Mark, please stop shouting. I am trying to learn how these systems are designed. Whether medical or aviation, their purpose is to convert a very high and non-constant pressure (in the cylinder) into a constant flow at low pressure (into your cannula or mask). Here is what I've garnered so far, which may or may not be correct, but give me facts not labels:
A "pressure regulator" per se regulates pressure, not flow. *IF* its output pressure is constant, then the flow from there through a given small orifice will be constant, even as the source cylinder pressure decreases as the oxygen is used up. This orifice is the flow regulator, separate from the pressure regulator.

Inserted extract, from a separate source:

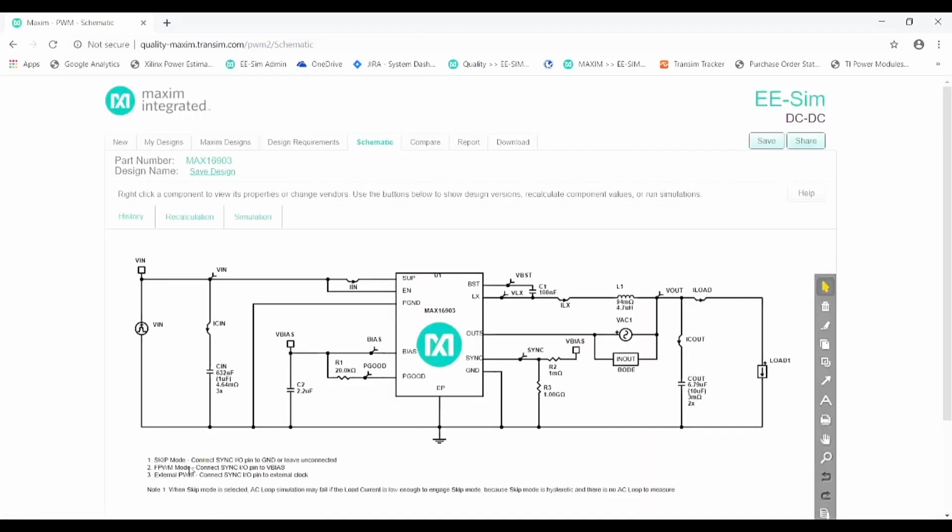For one thing, there are constraints on how large of a load step or line step can be simulated. Also, additional components or probes cannot be inserted into the schematic.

It operates at a much lower pressure (20-50 PSI) than the cylinder pressure (1000-2000 PSI).
These two "regulators" may be combined in the same physical unit, or separated by a hose. For use in a glider where you cannot reach (or even look at) the pressure regulator on the cylinder, you would want the flow regulator separated and within reach. A typical pellet type flow meter which has a needle valve to adjust the flow then serves as the flow regulator. The pressure in the hose upstream of that meter needs to be reasonably low (say under 50 PSI). If you close that flow valve, what keeps the hose pressure from building up? That's the job of the pressure regulator.
There is a diagram of a diaphragm type pressure regulator here, making its operation clear:
https://en.wikipedia.org/wiki/Pressure_regulator
My question relates to the high pressure valve that is operated by the diaphragm of the pressure regulator, labeled a "poppet" in that diagram. When "closed", to what extent does it leak?